Though Ghalib was born (December 27, 1797) into a Persian-speaking household, his Persian was subcontinental Persian from the syntax and semantic perspective and was quite different from the Central Asian Persian of the native speakers. His ancestors belonged to the Chughtai tribe of Central Asia, who preferred to settle in India because of Mughal patronage.
Ghalib would often boast and claim that his language of thinking was Persian: Choon zabaan-e-khyalaat meen ashra Farsi. But analytical study of Ghalib’s Persian poetry reveals that it was Delhi-Urdu Ghalib was at home with and not Iranian Persian as he would constantly brag about.
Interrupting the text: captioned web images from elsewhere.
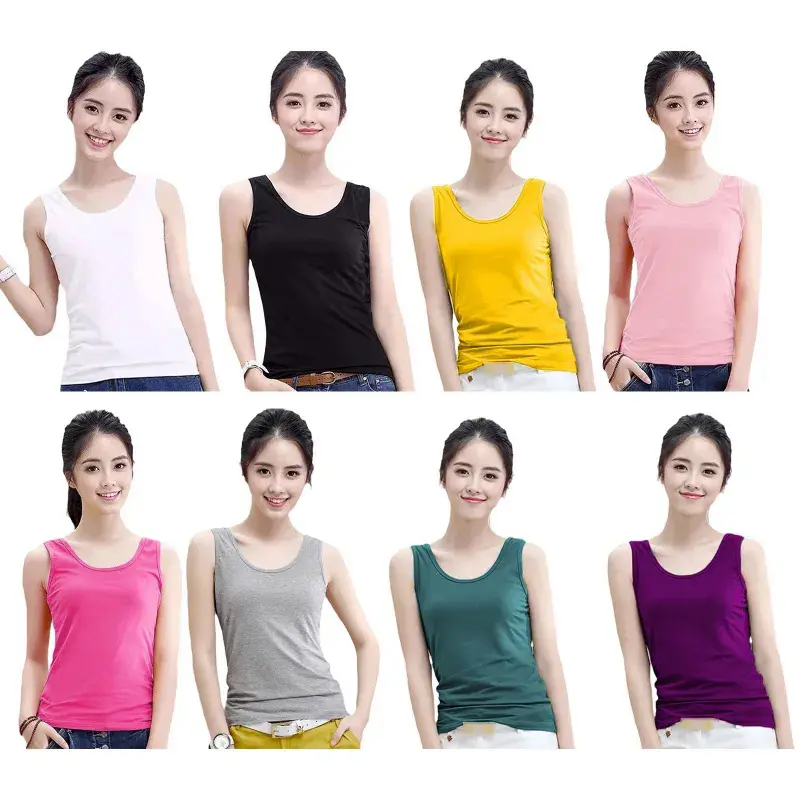 Women Summer Sleeveless Scoop Neck Basic Tank Top Simple Solid Color Racerback Casual Slim Vest Inside Wear Bottoming Camisole Sun Rose Pants High Waisted Fit Cotton Comfort Tube Lingerie Lady Minimalist Fitted Womenswear Accessory Sporty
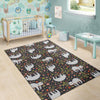 Floral Sloth Pattern Print Floor Mat-grizzshop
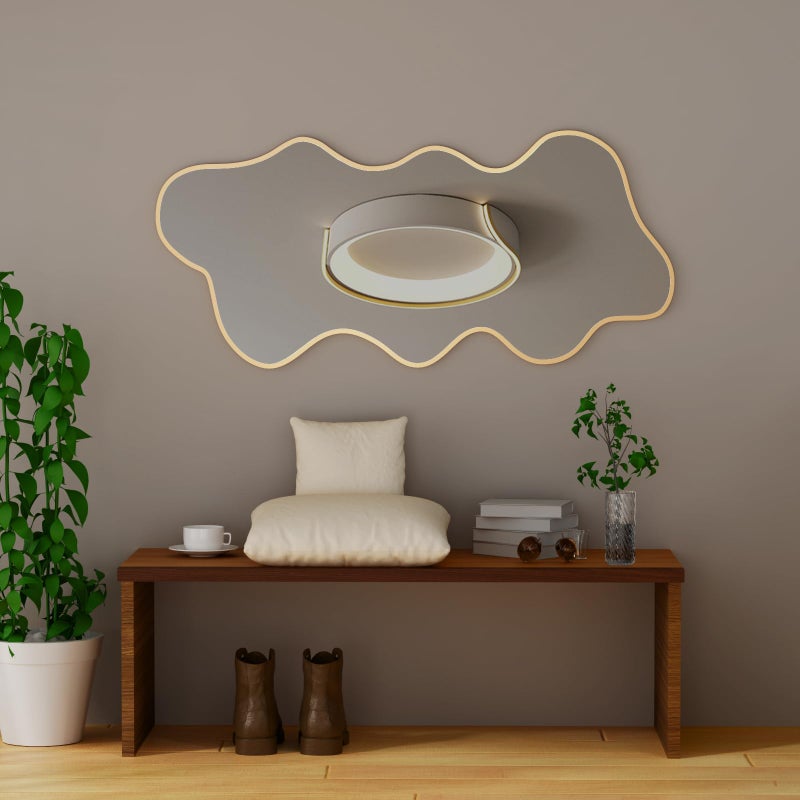 osemy Irregular Wall Mirror Wavy Asymmetrical Shaped Aluminum Alloy Framed Big Unique Full Length Mirror for Living Room Bathroom Bedroom Entryway Fireplace (Gold, 47"x21") - Image 4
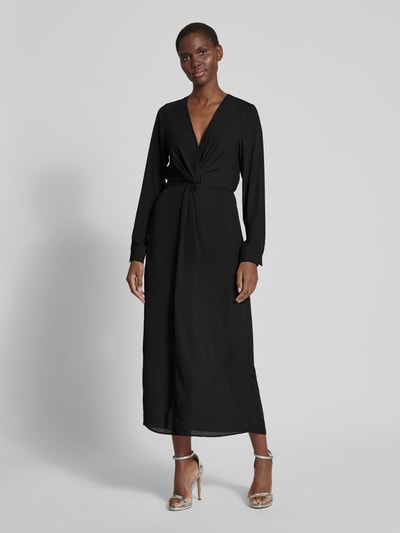 HUGO Midi-jurk met knoopdetail, model 'Koventi' Zwart - 4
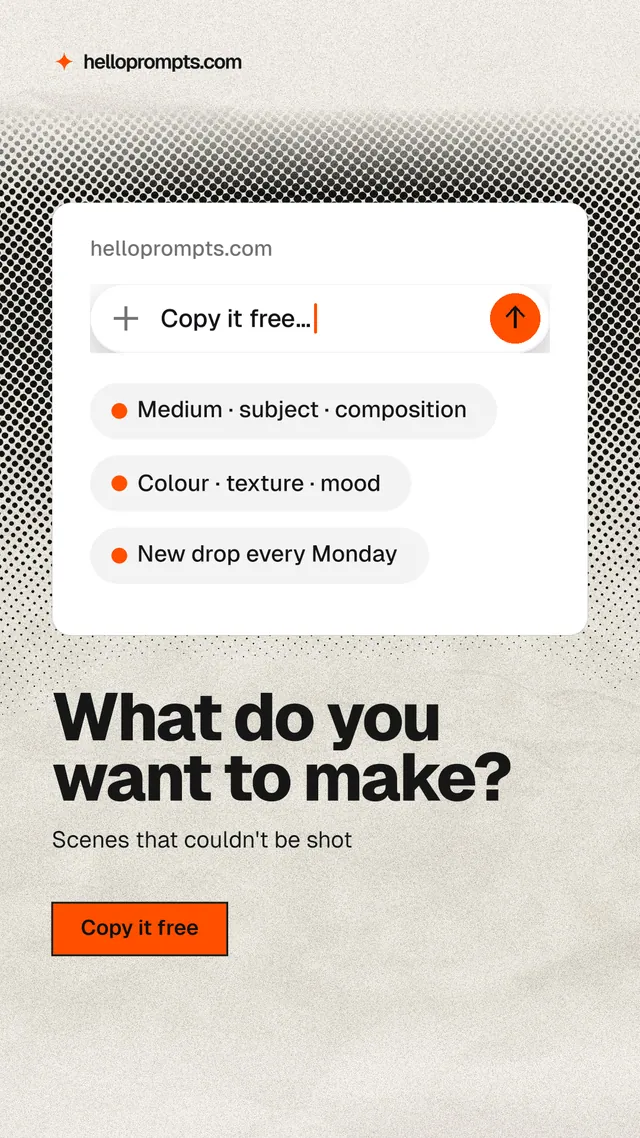Instagram story for HelloPrompts: "What do you want to make?" Ink sticker style, bottom layout, light palette in white, grey.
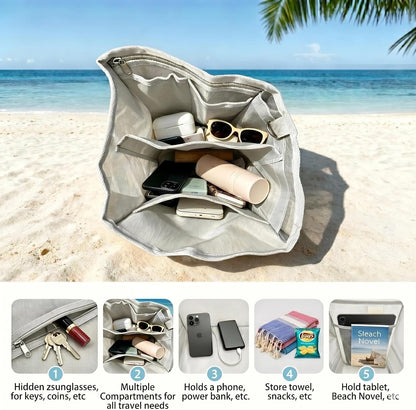 Cooler Organizer Insert for X Large Bogg Bag Accessories, 2-in-1 Leakproof Insulated Ice Chest & Mesh Storage Bag Divider, Ideal Beach Rubber Tote Gift for Simply Modern/Simply Southern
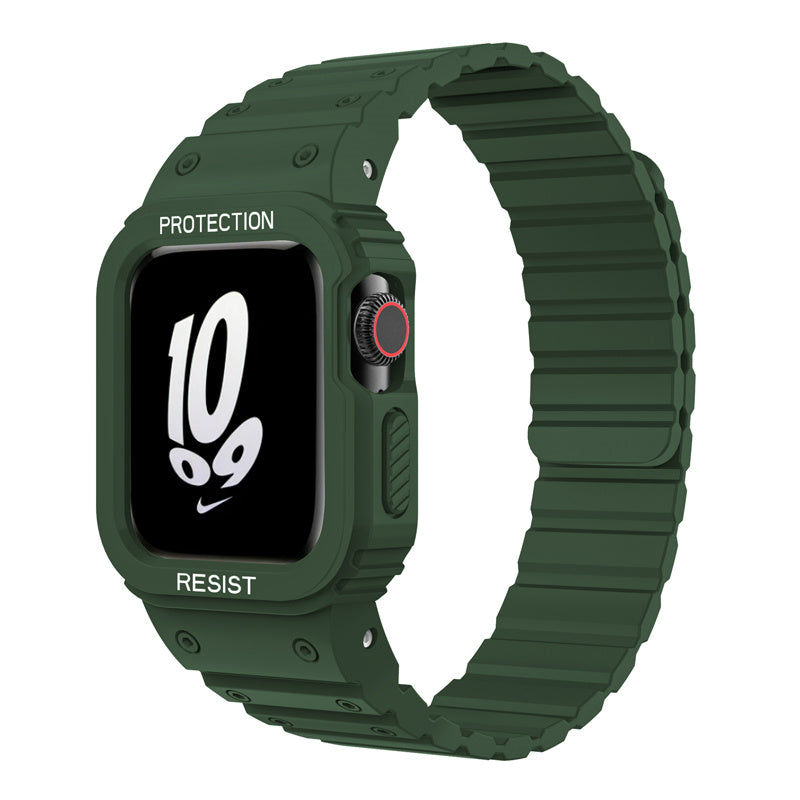 Magnetic Watch Band with Bumper Case Shockproof for Apple Watch-Green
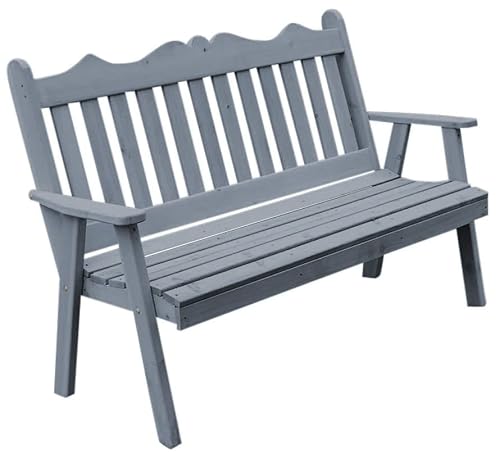 Furniture Barn USA Pine 5' Royal English Garden Bench, Gray Stain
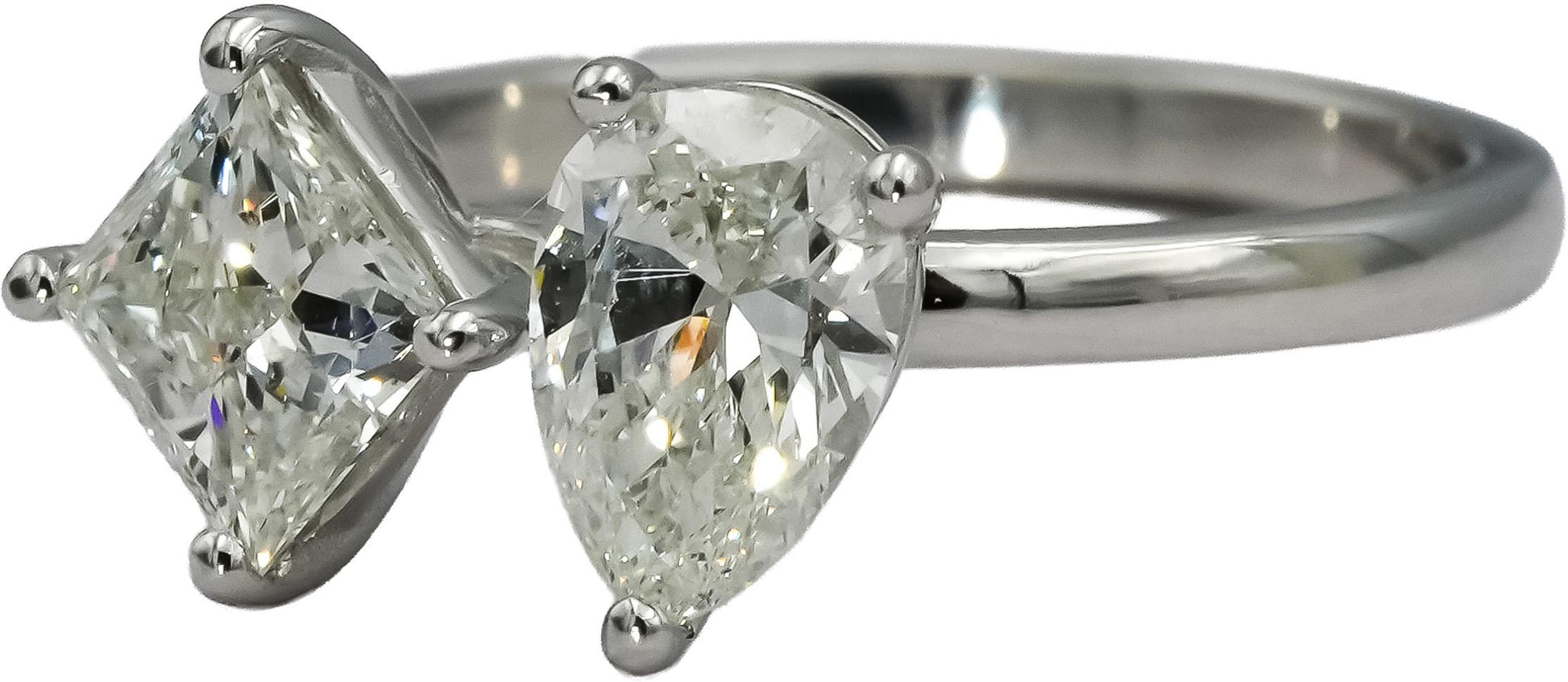 14k White Gold Pear & Princess Cut Diamond Two Stone Ring 1.64CT Size 6.25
On the sub-continent, only five Urdu poets also wrote extensively in Persian and they were Mir Taqi Mir, Momin Khan ‘Momin’, Altaaf Hussain Hali ‘Panipati’, Dr Muhammad Iqbal and Ghalib himself. But all five had the sub-continental Persian in their linguistic consciousness.
In my Post-Doctoral thesis on ‘Stylistic differences between Central Asian and Sub-Continental Persian’, submitted simultaneously at Oxford, Columbia and Al-Azhar Universities in Cairo, I have descanted upon how Ghalib could never employ idiomatic idiosyncrasies of pristine Persian, spoken near Tehran, Khorasan, Nishapur and Isfahaan.
Ghalib knew Persian pretty well but he faltered while conversing in it (refer to Ralph Russell’s Ghalib ki zabaan: Farsi ya Urdu-e-Dilli, courtesy, London University and School of Oriental and African Studies, London). His Persian was bereft of typical idioms and phrases of native Persian. In all his 174 Persian poems (he destroyed many because no one on the sub-continent could understand his recondite and extremely laboured Persian), nowhere did Ghalib use ‘Shiyaaz’, the more common Persian word for morning (subha) used in Iranian Persian during Ghalib’s times. It’s still prevalent, albeit not so frequently. Instead, he used ‘sobh’ or ‘sobh-e-zud’ (early in the morning), whereas a native speaker of Persian would say ‘riqayat’ or ‘rimz’ for the word ‘dawn’.
Even the common and very colloquial Urdu-Persian word ‘paarsaal’ (for the last year) was expressed by the convoluted ‘guzishta saal.’ The Persian letters of Ghalib compiled in Dastamboo (a bouquet) also suffers from lack of colloquial fluency of a native speaker of Persian. English scholar of modern Persian Professor Nicholson called Ghalib’s Persian, ‘Affected Persian of a zabaandaan’ (Zabaandaan: One who picks up a language as a conscious learner and not as a natural speaker, ahle-zabaan). In that sense, Ghalib was aptly called a zabandaan. Somewhere deep-down, he himself knew that his Persian lacked the spontaneity of an Iranian native speaker. Elsewhere he rued, “Nu reesht shidam Farsi
ab-ya nihfaaz yak raadim un’niyaat mee qatai Rumi, na Hafiz” (However hard I may try to write in Persian, it’ll never be as good as that of Rumi and Hafiz). Moreover, Ghalib’s knowledge of Pahalavi (precursor to Persian) was almost zilch. And Pahalavi is considered as a pre-requisite to mastering Persian.
That’s the reason, Ghalib and Iqbal’s Persian poetry hardly figures on the higher level varsity syllabuses of Central Asia, Oxford, Cambridge, Columbia among others. But both were immaculate masters of Urdu, the language of the sub-continent. In a nutshell, Ghalib was otherworldly in his use of Urdu but the same can’t be said about the great poet’s Persian poetry. It was pedestrian, to be brutally honest.